Mar-03-11  knight knight: Thursday, black to play, a pawn down.

After a few minutes I like 27...Bg4. This attacks the knight due to the pin on the g2-pawn, plus the knight is pinned, however I don't see a good reply after 28. Kf1, breaking the pin.

Now looking at 27...Rf5 with queen-trapping ideas. But 28. Kf1 again, giving the queen a square on g1.

Okay let's try the bishop capture 27...Rxf4 28. Qxf4. Maybe harass the queen with 28...Rg4. But 29. Qh2 looks fine for white.

How about 27...Rg4 on the bishop? 28. Bg3 is the obvious reply. Now 28...Rf5 threatens to win material. 29. Kf1 leads to a line involving Qb5+ which looks like it wins for black, but instead 29. Qh6 Bf8 30. Qe3 and I don't see a good continuation.

27...Rxg2+ 28. Kxg2 I don't see a good follow-up.

27...Bh3 28. Qxh3 Rxf4 29. Rxd5 black is two pawns down.

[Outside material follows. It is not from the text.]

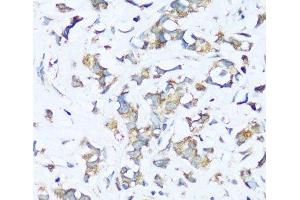 Immunohistochemistry (Paraffin-embedded Sections) (IHC (p)) image for anti-ATP Synthase, H+ Transporting, Mitochondrial F0 Complex, Subunit E (ATP5I) antibody (ABIN7259374)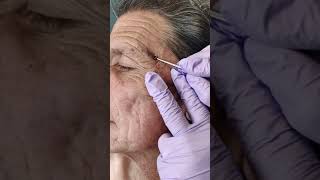 Acne extraction of blackheads and whiteheads popping pimples in Los Angeles [upl. by Katti]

Let me go back to 27...Rf5. If 28. Qh6 Bf8 the queen can no longer retreat to e3, also, it needs to stay in contact with f4. If 29. Qh2 Rh5 30. Nh4 Be7 31. Bg3 Bxh4 32. Bxh4 Rg4 33. g3 Rhxh4 34. Qxh4 Rxh4 35. gxh4 Qh5 winning the h4 pawn with a two-point material advantage. If 29. Qh4 Rh5 30. Qf6+ Bg7 traps the queen.

So 27...Rf5 28. Kf1 Rh5 29. Qg1. Now 29...Bg4 looks good. If 30. Ke2 Qb5+ 31. Rd3 (pin city!) Qxb2+ makes the a-pawn huge. If 30. Rd3 Qb5 again. Looks like white has to give up the exchange.

Well all this is more of a Saturday puzzle solution, so I'm missing something, and thus having a bad week! :-(

Mar-03-11  alachabre: Very quickly, I see the sac

27. Rxg2 Qxg2
28. Rg7 Qxg7+

is not any great gain, so will come back to this later when time allows.

Mar-03-11  Marmot PFL: Quitting this for today, due to Java problems that keep the board from displaying staying on. I had move 28 instead of 27, at move 27...Rh5 (threatening Rh5) 28 Kf1 Rh5 29 Qg1 looks awful but I could not find a forced win, nor can I get the position to display again.
Mar-03-11  David2009: A Horvath vs V Erdos, 2008 Black 27...?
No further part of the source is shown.